- MATERIAL FOR THIS EXERCISE -
++++++++
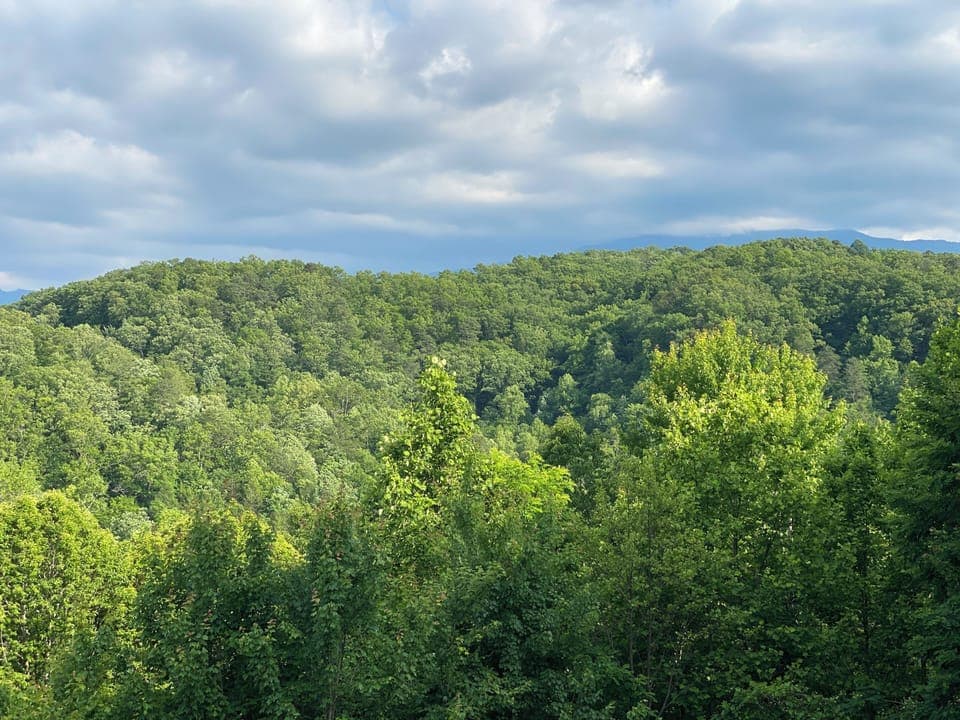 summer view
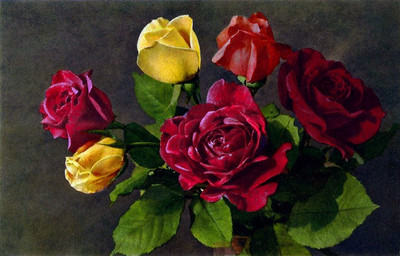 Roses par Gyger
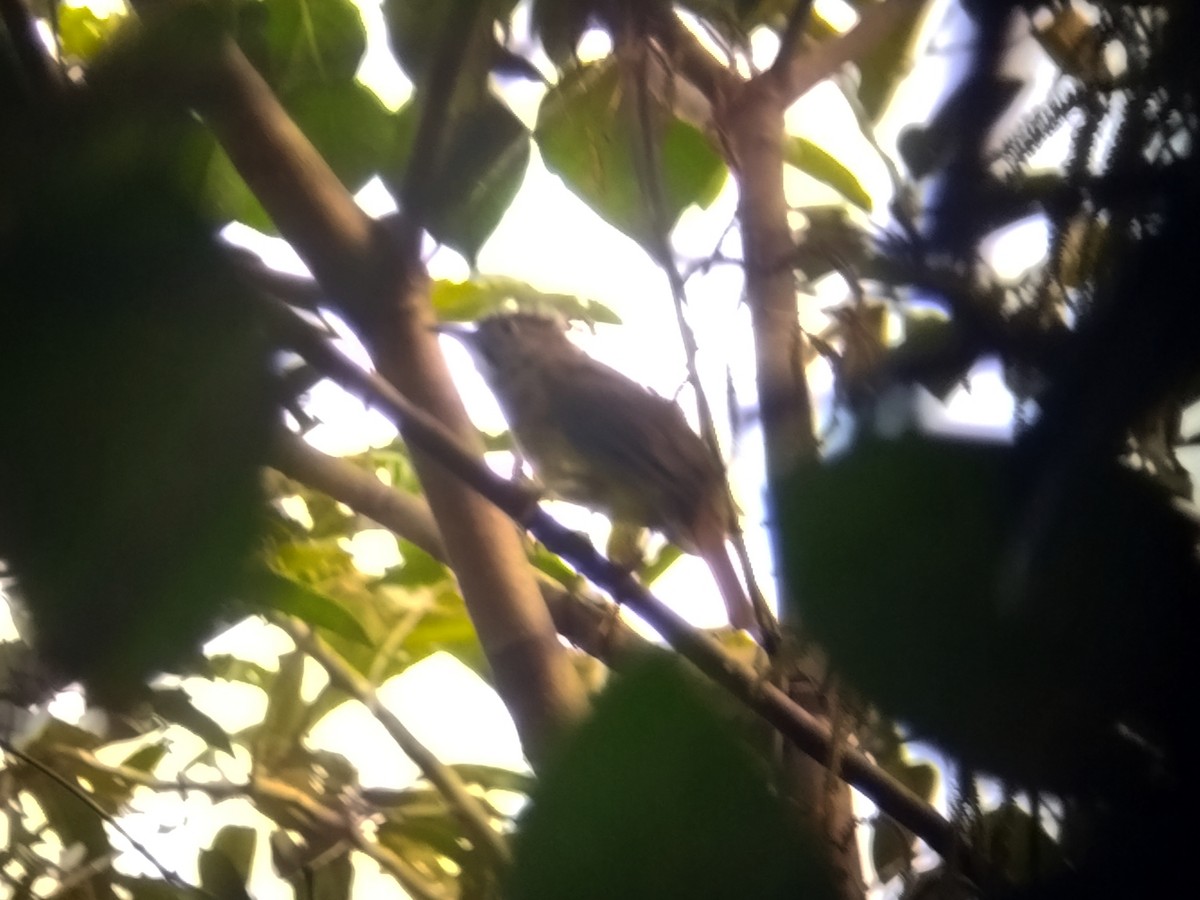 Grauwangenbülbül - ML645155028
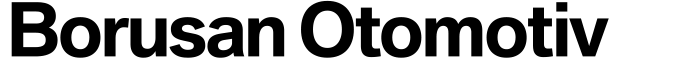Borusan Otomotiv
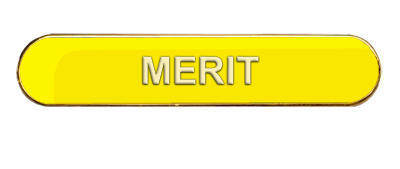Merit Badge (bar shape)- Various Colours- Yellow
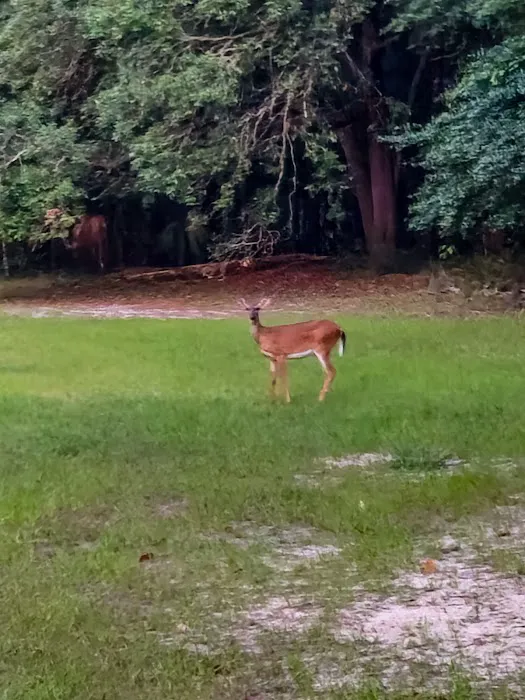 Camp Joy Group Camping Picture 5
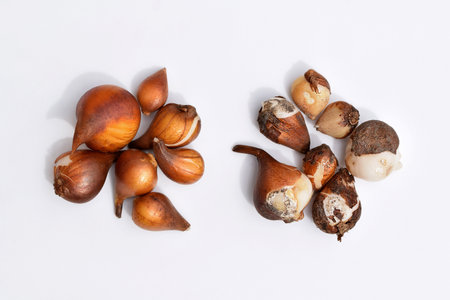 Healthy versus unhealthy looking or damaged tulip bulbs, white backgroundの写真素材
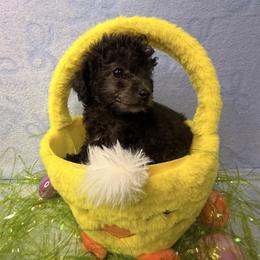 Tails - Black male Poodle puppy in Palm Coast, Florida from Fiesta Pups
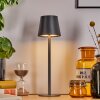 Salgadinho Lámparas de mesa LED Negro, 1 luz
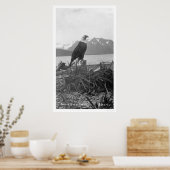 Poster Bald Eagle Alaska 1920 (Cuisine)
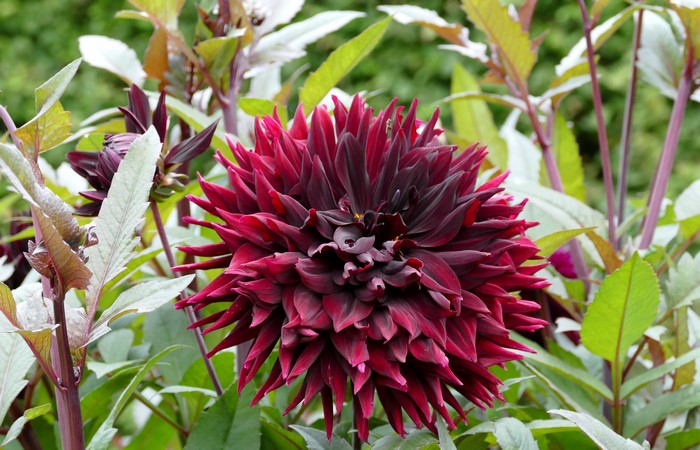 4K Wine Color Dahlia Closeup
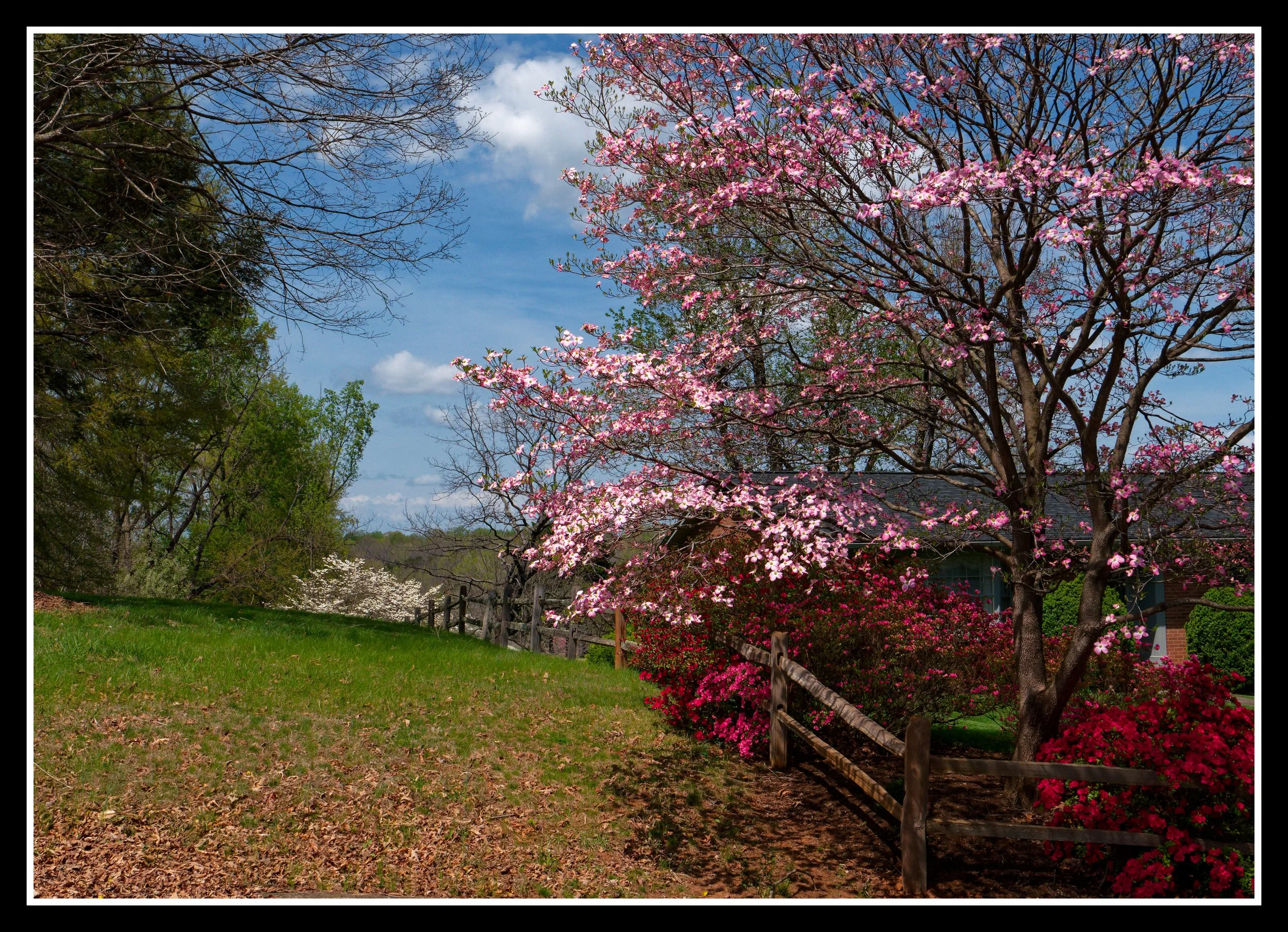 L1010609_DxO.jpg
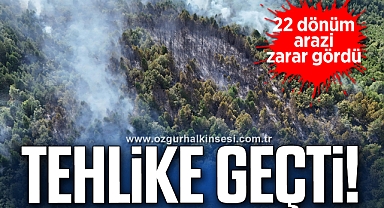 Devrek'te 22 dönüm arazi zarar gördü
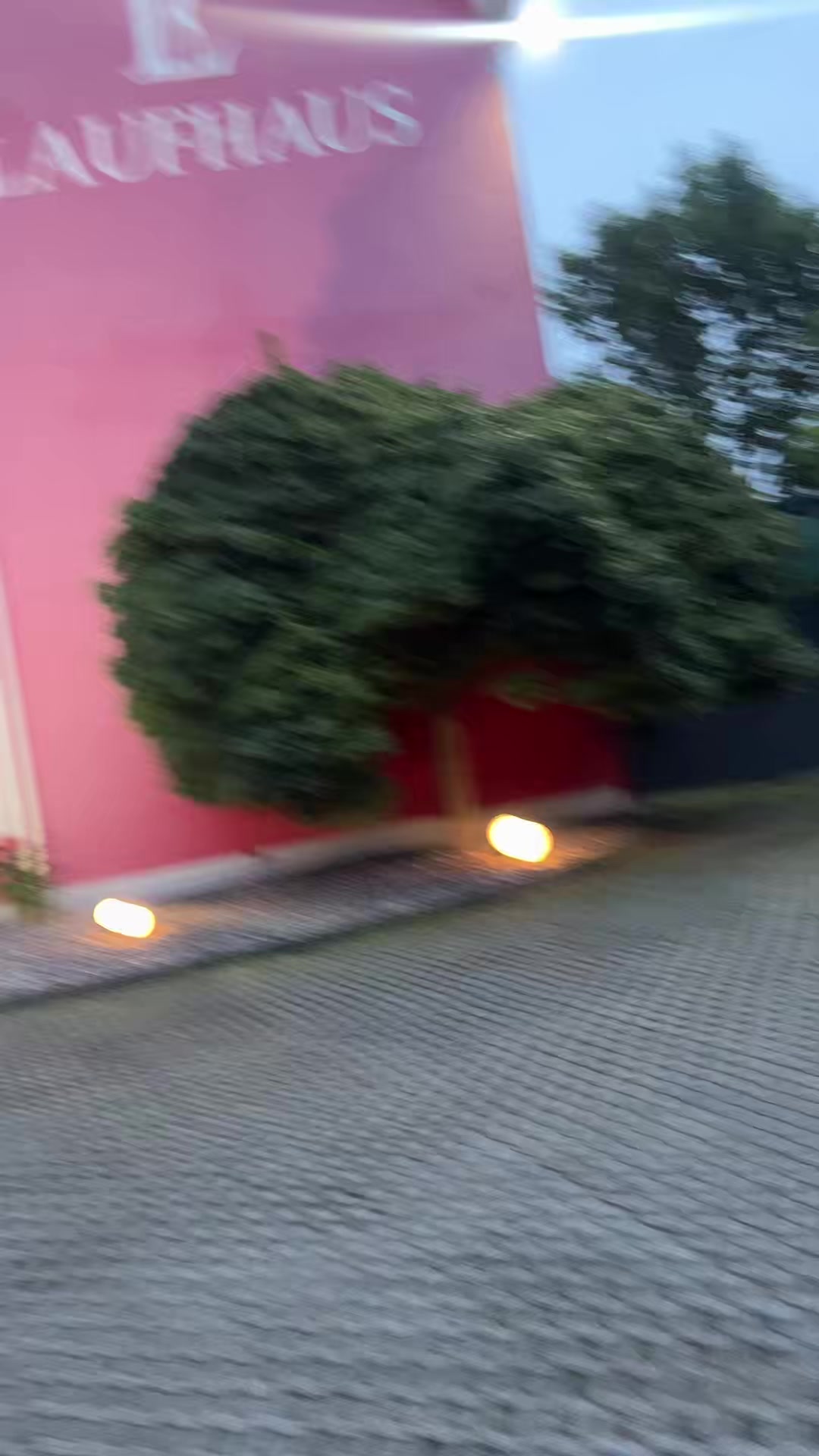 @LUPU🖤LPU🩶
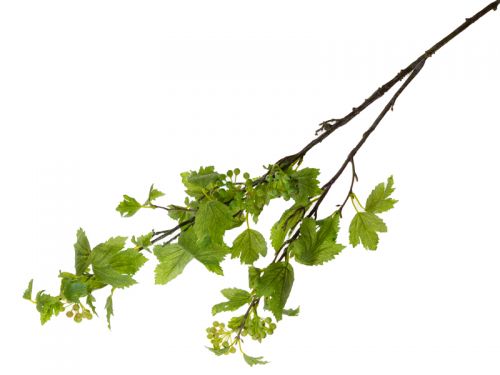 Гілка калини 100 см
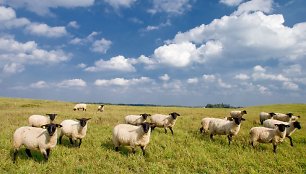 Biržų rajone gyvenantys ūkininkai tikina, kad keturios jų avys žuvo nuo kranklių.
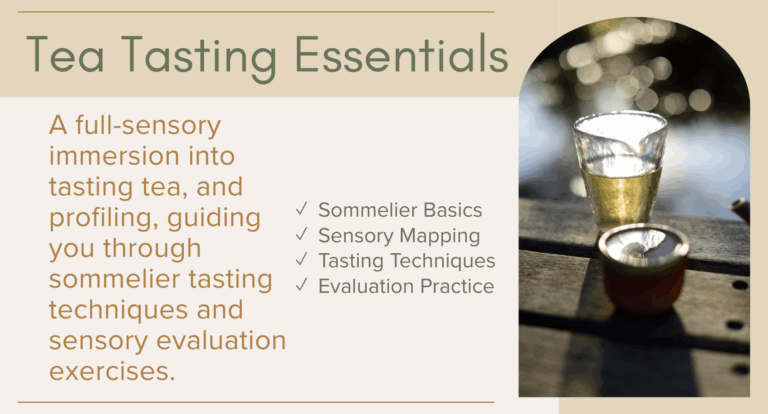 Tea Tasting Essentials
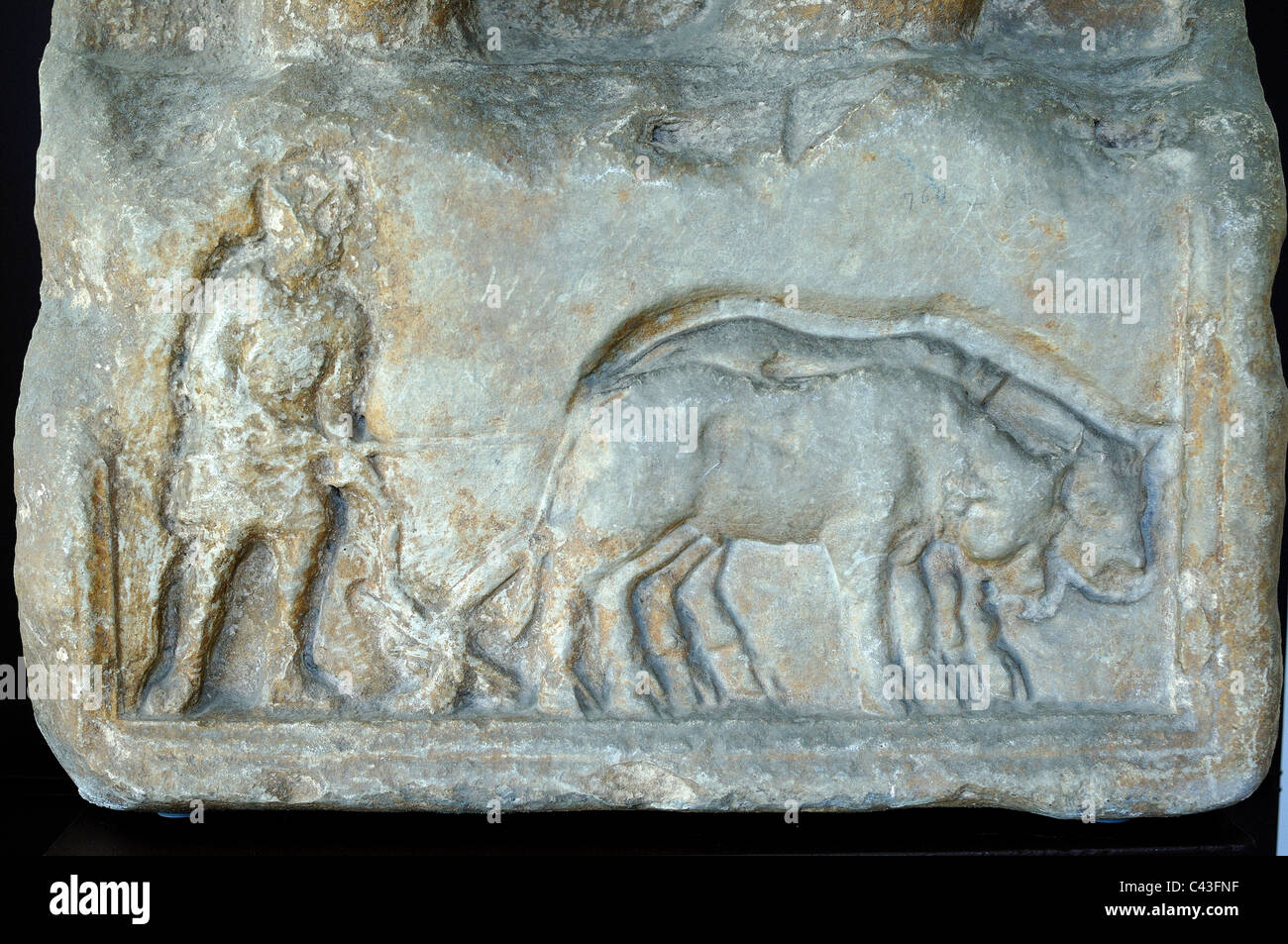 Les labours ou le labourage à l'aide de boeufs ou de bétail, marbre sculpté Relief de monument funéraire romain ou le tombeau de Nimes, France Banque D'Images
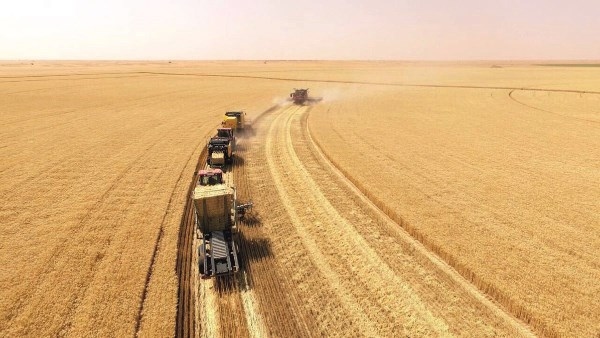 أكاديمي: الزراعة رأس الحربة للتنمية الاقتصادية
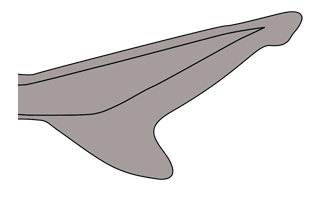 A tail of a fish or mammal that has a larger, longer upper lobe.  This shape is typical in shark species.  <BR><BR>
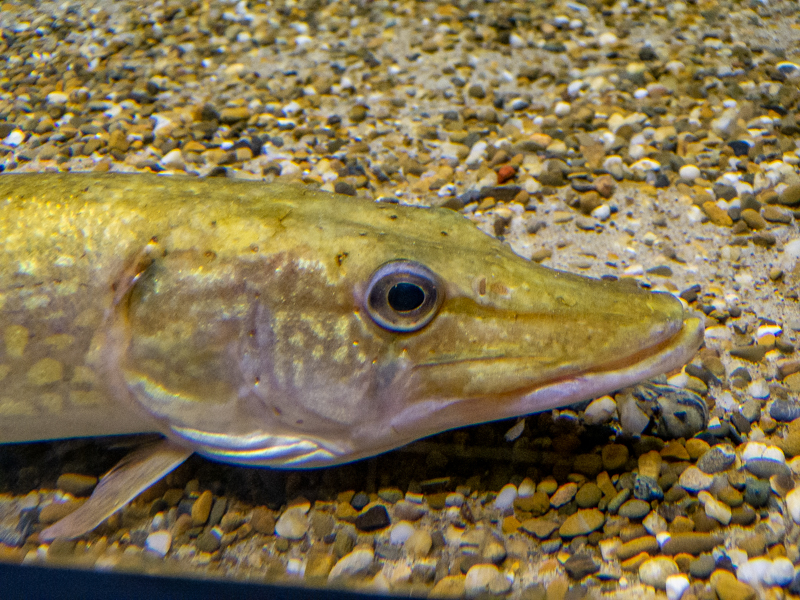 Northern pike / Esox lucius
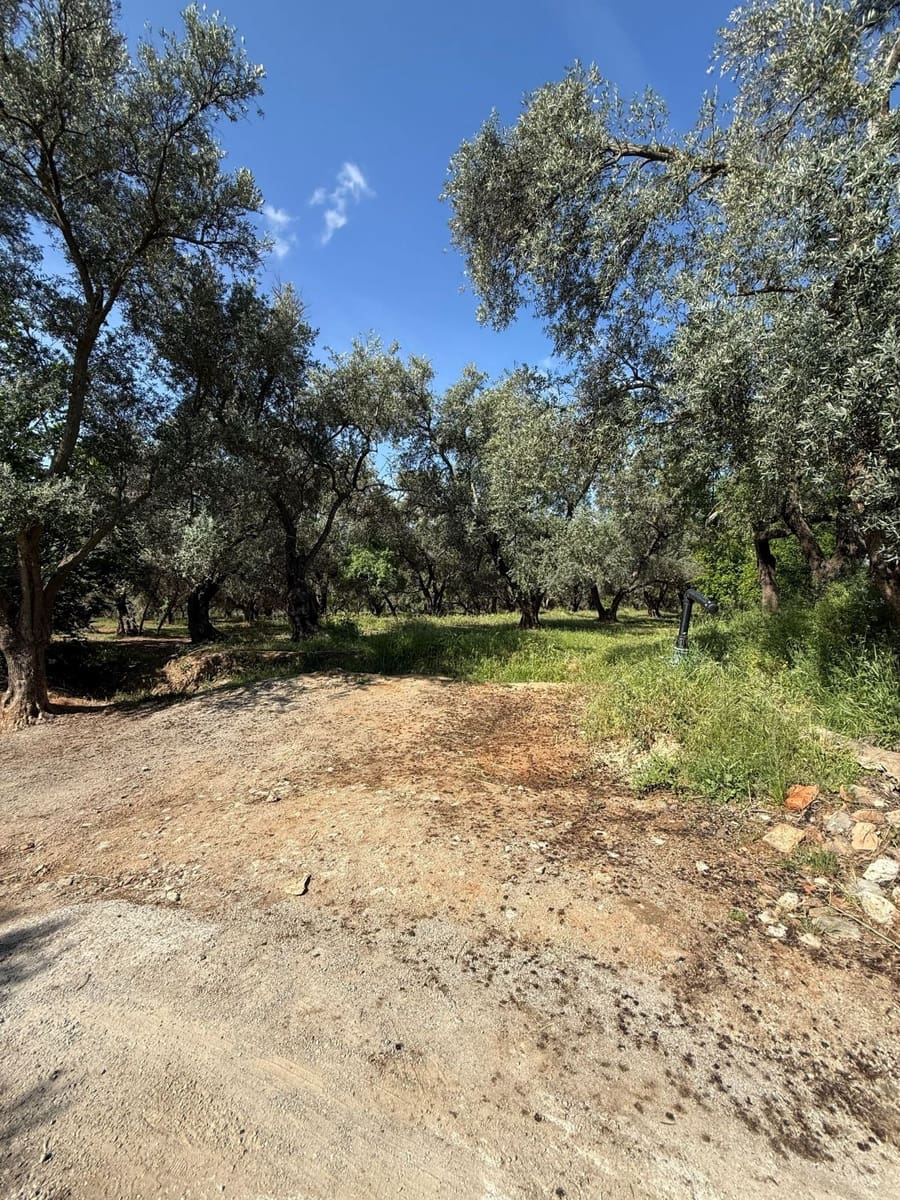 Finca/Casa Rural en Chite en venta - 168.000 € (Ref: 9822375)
++++++++
- WORK ORDER -
With the pictures removed, repeat the listing above exactly as it stands.

- EXERCISE RESPONSE -
 summer view
 Roses par Gyger
 Grauwangenbülbül - ML645155028
Borusan Otomotiv
Merit Badge (bar shape)- Various Colours- Yellow
 Camp Joy Group Camping Picture 5
 Healthy versus unhealthy looking or damaged tulip bulbs, white backgroundの写真素材
 Tails - Black male Poodle puppy in Palm Coast, Florida from Fiesta Pups
 Salgadinho Lámparas de mesa LED Negro, 1 luz
 Poster Bald Eagle Alaska 1920 (Cuisine)
 4K Wine Color Dahlia Closeup
 L1010609_DxO.jpg
 Devrek'te 22 dönüm arazi zarar gördü
 @LUPU🖤LPU🩶
 Гілка калини 100 см
 Biržų rajone gyvenantys ūkininkai tikina, kad keturios jų avys žuvo nuo kranklių.
 Tea Tasting Essentials
 Les labours ou le labourage à l'aide de boeufs ou de bétail, marbre sculpté Relief de monument funéraire romain ou le tombeau de Nimes, France Banque D'Images
 أكاديمي: الزراعة رأس الحربة للتنمية الاقتصادية
 A tail of a fish or mammal that has a larger, longer upper lobe.  This shape is typical in shark species.  <BR><BR>
 Northern pike / Esox lucius
 Finca/Casa Rural en Chite en venta - 168.000 € (Ref: 9822375)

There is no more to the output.